Il baisse la tête. Il sait que j'ai le droit d'être fâchée, révoltée.
— Et peut-être que si tu m'avais expliqué ton plan dès le début, on n'en serait pas là, je n'aurais pas eu à subir tout ça, ajouté-je en haussant le ton.
— Je... je suis sincèrement désolé. Mais je ne pouvais pas t'en parler.
— Pourquoi ?
— Je ne voulais pas t'entraîner dans ce milieu. Je voulais que tu restes innocente, loin de ces histoires.

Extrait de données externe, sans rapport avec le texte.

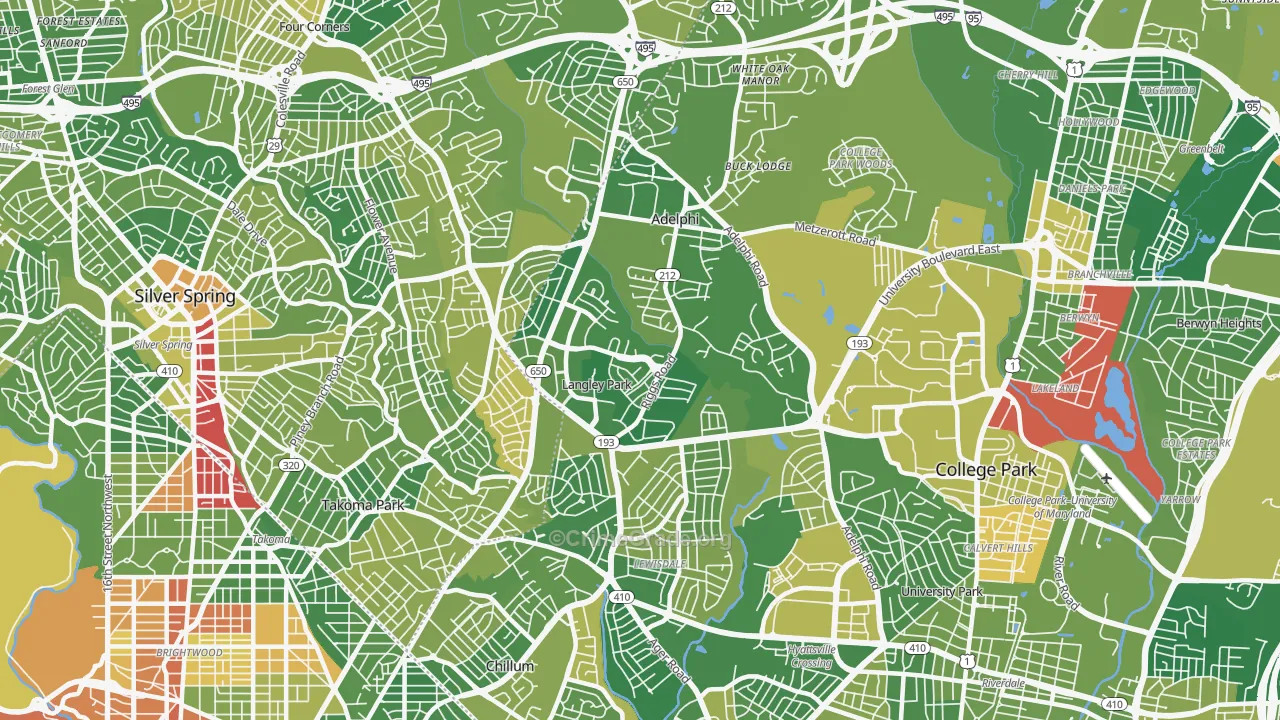 20783, MD Map of Drug-Related Crime Rates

— Je sais que je radote, mais c'est vachement réussi !
Je mime un applaudissement avant de poursuivre.
— Il n'y a qu'à voir mon œil au beurre noir et le trou que la chirurgienne a dû me faire sur la tête pour drainer mon sang. C'est sympa, hein ? Et figure-toi que j'ai été à deux doigts qu'on me retire un bout de ma calotte crânienne. Tu en as déjà entendu parler, toi ? Moi j'ignorais même ce mot jusqu'à ce qu'un colloque de médecins l'explique à mes parents. Et tu sais ce qu'ils en auraient fait en attendant de me la remettre ? Ils l'auraient congelée, ouais. Entre les sorbets et les escalopes de poulet. Donc, ton innocence, tu peux te la carrer où je pense, James.

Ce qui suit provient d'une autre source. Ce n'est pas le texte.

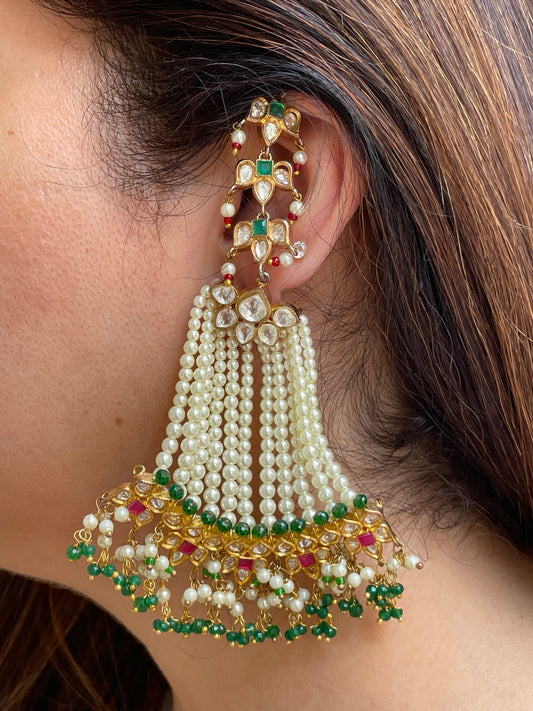 Gold Finish Cascading Pearl and Kundan Dangling Earrings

Bon OK, je n'y suis pas allée de main morte. Mais je voulais qu'il comprenne la haine que j'ai en moi et tous les traumatismes subis que je mettrais sans doute des décennies à oublier.
— Je suis désolé, répète-t-il maladroitement.
Je ne peux alors m'empêcher de répliquer :
— Et moi donc... Pour en revenir à Boris... Tu sais, je ressasse le moindre détail depuis mon réveil. J'ai donc eu le temps de cogiter sur la question, mais il me manque des points clés, j'en suis sûre. J'ai cru comprendre que ce type était très puissant, inaccessible donc. Et puis surtout, tu as essayé de le voler sous les ordres de Jo, tu as kidnappé plusieurs de ses prostituées pour récupérer le code d'un de ses comptes en banque. Arrête-moi si je me trompe, hein, histoire que je ne gaspille pas ma salive pour rien ?
— Tu ne te trompes pas.
— OK. Et donc, pourquoi Boris t'a aidé, toi, son ennemi au fond ? Comment tu as réussi à négocier et à faire équipe avec lui, après la mort de Jerem ?
— C'est grâce à Nina.
— Nina ? La prostituée ? Je croyais que tu ne l'avais pas trouvée. De mieux en mieux...
Je soupire.
— En fait... Tu te souviens le jour où je suis revenu avec le tee-shirt plein de sang et des plaies un peu partout ?
— Bien sûr que je m'en souviens, on ne m'a pas lobotomisée.
Il prend une profonde inspiration.
— Il se trouve que ce jour-là, j'avais réussi à mettre la main sur Nina.
A suivre... :-)
Et je suis désolée mais exceptionnellement il n'y aura pas de chapitre publié demain car je ne serai pas chez moi...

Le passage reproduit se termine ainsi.